山莊的南北和西面被群山圍住,南北兩邊的官道在東面合併成一條大路,大路可直接通道山莊的一個大院子。這條大路也直通華興鎮。

對於外人來說,走進山莊,就像走入官府世家貴族的深宅大院。

其實,近年來,武林各幫派崛起,導致慧劍山莊在武林中的地位下降了。

但是,慧劍山莊畢竟有百年之久,曾經的輝煌依然還影響到現在,如今還是越洋城方圓幾百裡內的武林領袖,所以,很多江湖幫派不敢小瞧它,更不敢公然冒犯山莊的人。

慧劍山莊分為五個小莊,即東南西北中,五個莊都是坐西向東,中莊以曾傑為大莊主。

一百年多前,皇尊命平南平南王組建慧劍山莊。
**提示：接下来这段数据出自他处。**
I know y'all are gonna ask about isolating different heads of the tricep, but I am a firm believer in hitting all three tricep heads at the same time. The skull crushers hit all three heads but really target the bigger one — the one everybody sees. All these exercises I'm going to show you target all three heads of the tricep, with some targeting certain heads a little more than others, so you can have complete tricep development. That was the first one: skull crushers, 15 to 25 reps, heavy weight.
為了效忠皇尊,平南王召集衰落的幻劍山莊僅存的幾個好手,將幻劍山莊的從北方遷移到南方,才命名為慧劍山莊。

慧劍山莊效忠於皇朝,專心為朝廷籠絡奇人異士,一直以來給朝廷出過不少力。

當然,也就從那時起,慧劍山莊更沒有原來幻劍山莊的地位了,它幾乎完全服從官府的管轄,比皇尊組建的尊武堂的地位低了。
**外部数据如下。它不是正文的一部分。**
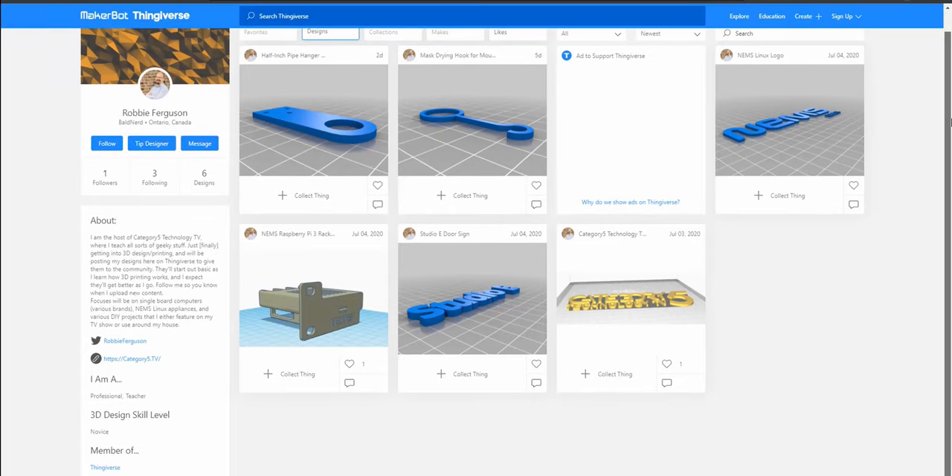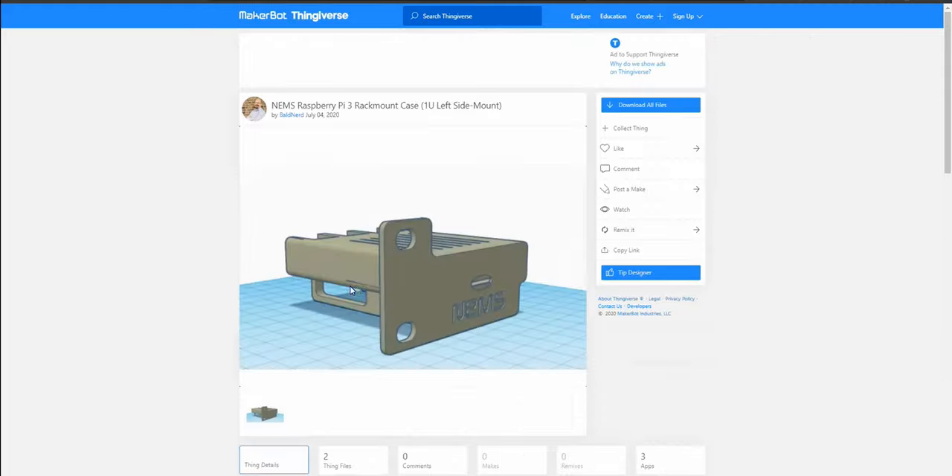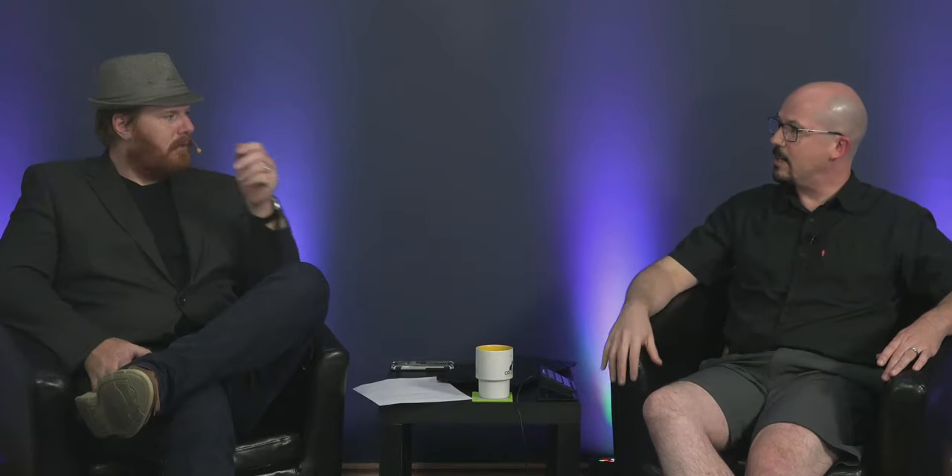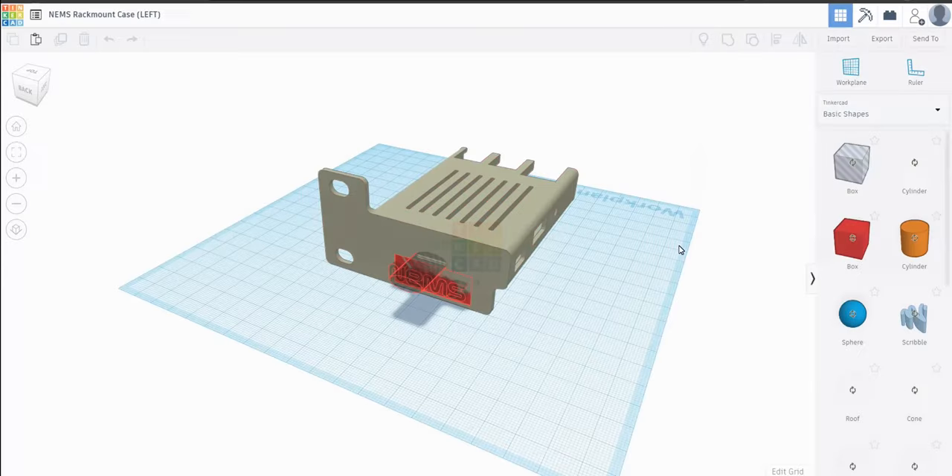I've proven to myself that I can design things and take my ideas — very basic right now — and make them real. You can see my designs at thingiverse.com/baldnerd, including the hooks and the mounting apparatus. I've also taken it one step further by taking other people's designs from Thingiverse, loading them into Tinkercad, and tweaking, modifying, and changing them to suit my purpose.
其實,慧劍山莊南遷後,表面看似興起,在武技上也變得更加沒落了,因為僅存的幾個高手們不願南遷,紛紛歸隱了。

如今,山莊總人數約五百人,除了五個莊主的家人親戚及弟子外,還有家丁,傭人,衛士。

長弓是慧劍山莊的傭人,已經在此住將近十八年了,他在慧劍山莊的地位不高,只能做專門巡山的人,稱為護林人。

他叫做長弓,那是因為他有一把很長很重的弓,很少人知道他的真實名字,當然,很多人也不想知道他的真實名字。

在山莊裡,地位較高的人,都屬於山莊的人,而長弓似乎很例外,他也算是慧劍山莊的人,因為他的妻子和慧劍山莊關係親近。

在四個巡山的人中,他比另外三個巡山人要好得多,因為他有一個讓很多人羨慕的家,他的妻子還是當地有點小名氣的女俠。

長弓就是這麼個人,他喜歡喝酒,也喜歡醉,但他似乎很少喝醉。

他喝酒的時候,就算有人拿刀架在脖子上也不著急,但是有關於女兒的事,不論大小,他都會很關心,寧願不喝美酒也先處理女兒的事情。

那天,他送走蕭直後,就回到了他真正的住處,就是一個很普通的瓦屋。

他喜歡喝醉,喝醉了就睡。或許,是不是喝醉了後,就能忘掉很多事情?沒有人問過他,也許只有他自己知道。

他不是很會喝酒的人,喝好酒配好菜,喝不好的酒配什麼菜都行,馬馬虎虎喝個夠就好。

打獵是他的絕活,別人一天能獵到兩隻野豬,而他比很多人厲害,只要他樂意,一天可以獵到五隻。會打獵的人,一般都懂得享受美食,他絕對是其中之一。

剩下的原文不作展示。